■ **GOAL OF THE EXERCISE**
Please output exactly the lines from the one that holds "Kadeti Hajduka uvjerljivi" through the final line of the data, and nothing else; leave out any pictures.

■ **DATA BELOW**
· · ·

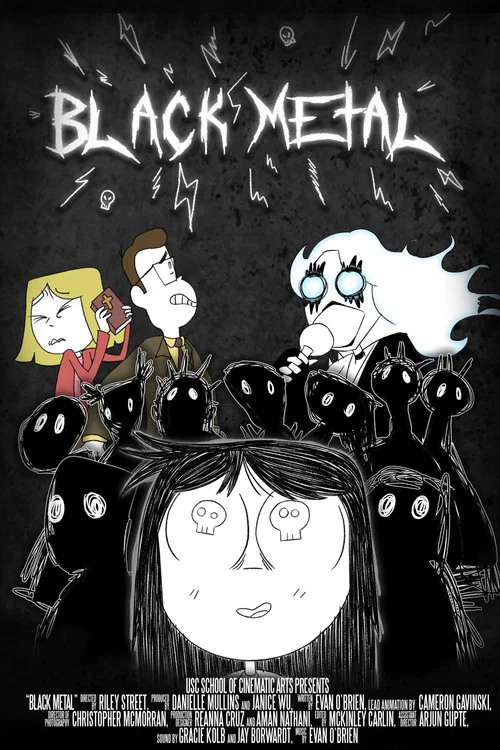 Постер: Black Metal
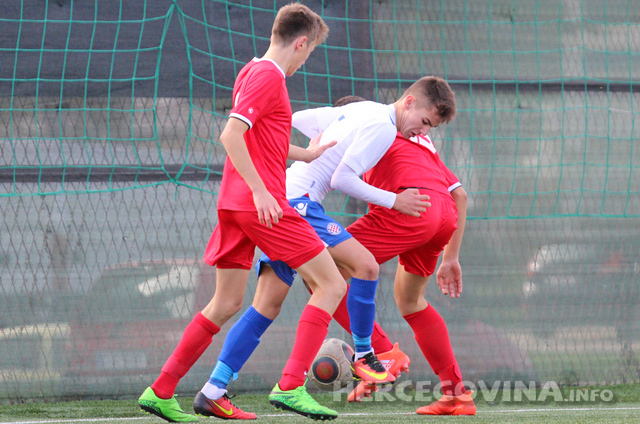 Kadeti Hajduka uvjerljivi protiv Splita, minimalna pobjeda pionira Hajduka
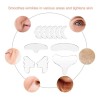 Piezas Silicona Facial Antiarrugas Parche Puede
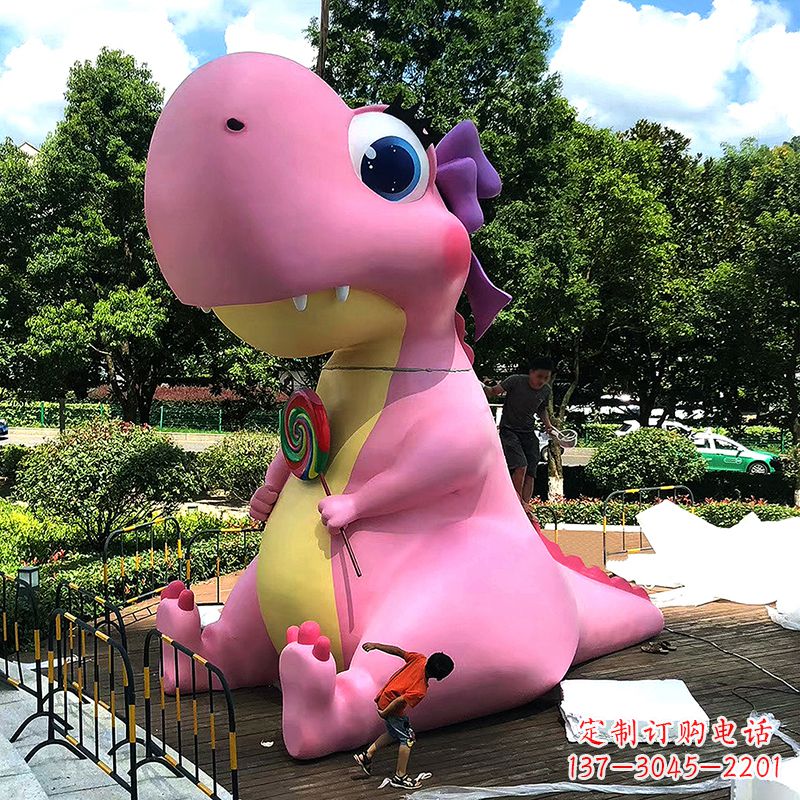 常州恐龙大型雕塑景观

· · ·

■ **WRITTEN SOLUTION**
 Kadeti Hajduka uvjerljivi protiv Splita, minimalna pobjeda pionira Hajduka
 Piezas Silicona Facial Antiarrugas Parche Puede
 常州恐龙大型雕塑景观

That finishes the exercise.